Faal pressed another button on his padd and the picture of the barrier was replaced by a standard map of the known galaxy, divided into the usual four sections. A flashing purple line, indicating the galactic barrier, circled all four quadrants. "The Federation has always accepted this limitation, as have the Klingons and the Romulans and the other major starfaring civilizations, because there has always been so much territory to explore within our own galaxy. After all, even after centuries of warp travel, both the Gamma and the Delta quadrants remain largely uncharted. Furthermore, the distances between galaxies are so incalculably immense that, even if there were a safe way to cross the barrier, a voyage to another galaxy would require a ship to travel for centuries at maximum warp. And finally, to be totally honest, we have accepted the barrier because there has been no viable alternative to doing so.
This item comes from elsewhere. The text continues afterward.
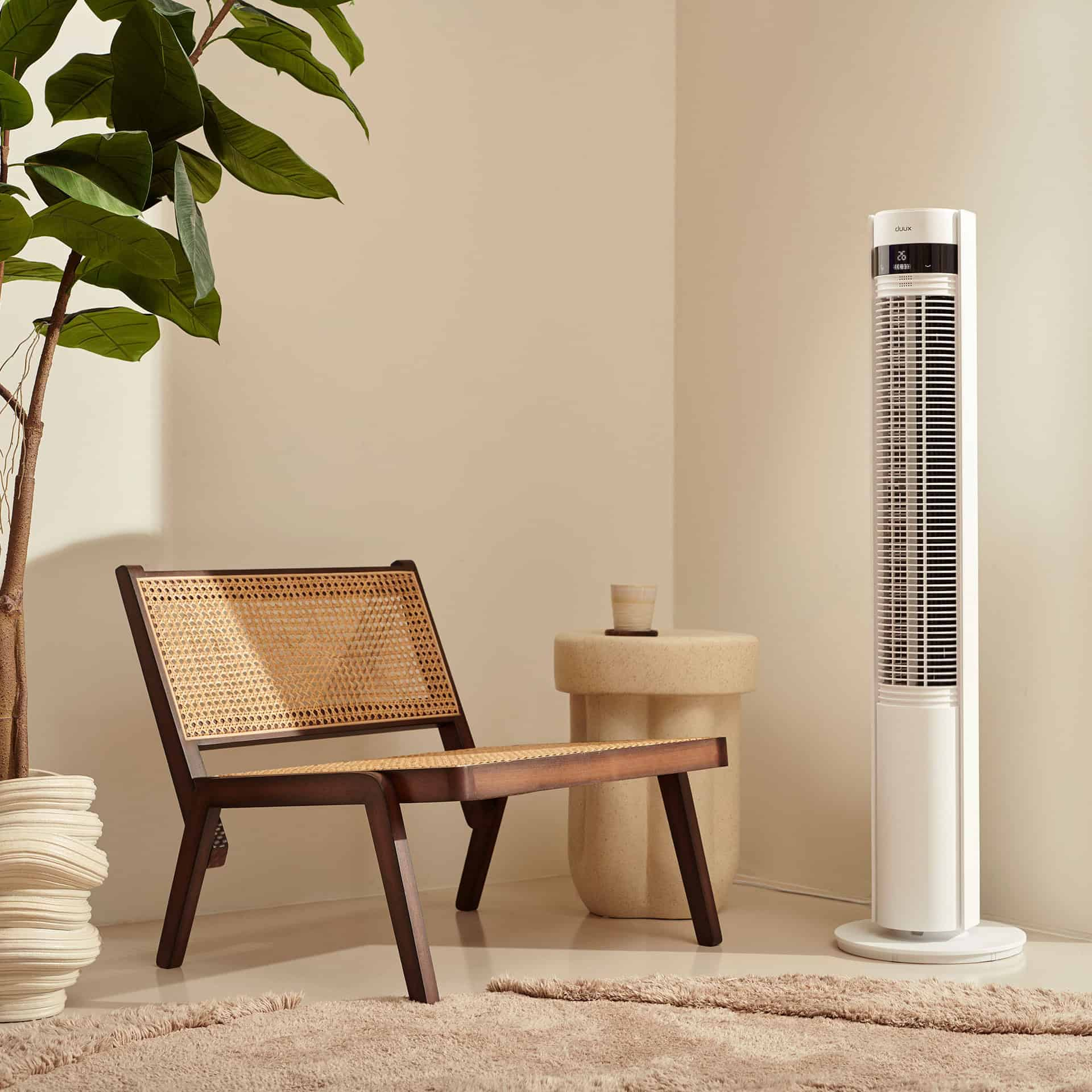 Ein weißer Turmventilator steht neben einem braunen Rattan-Stuhl und einer Pflanze.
"That situation may have changed," Faal announced with what was to Troi a palpable sense of pride. Typical, she thought. What scientist is not proud of his accomplishments? The map of the galaxy flickered, giving way to a photo of a blond-haired woman whose pale skin was delicately speckled with dark red markings that ran from her temples down to the sides of her throat. A Trill, Troi thought, recognizing the characteristic spotting of that symbiotic life-form. She felt a fleeting pang of sadness from the woman seated next to her and sympathized with Beverly, who was surely recalling her own doomed love affair with the Trill diplomat Ambassador Odan. Troi wasn't sure, but she thought she sensed a bit of discomfort from Will Riker as well. A reasonable reaction, considering that Will had once "loaned" his own body to a Trill symbiont. She was relieved to note that both Will and Beverly swiftly overcame their flashes of emotion, focusing once more on the present. They acknowledged their pasts, then moved on, the counselor diagnosed approvingly. Very healthy behavior.
Worf married a Trill, she remembered with only the slightest twinge of jealousy. Then she took her own advice and put that reaction behind her. I wish him only the best, she thought.
"Some of you may be familiar with the recent work of...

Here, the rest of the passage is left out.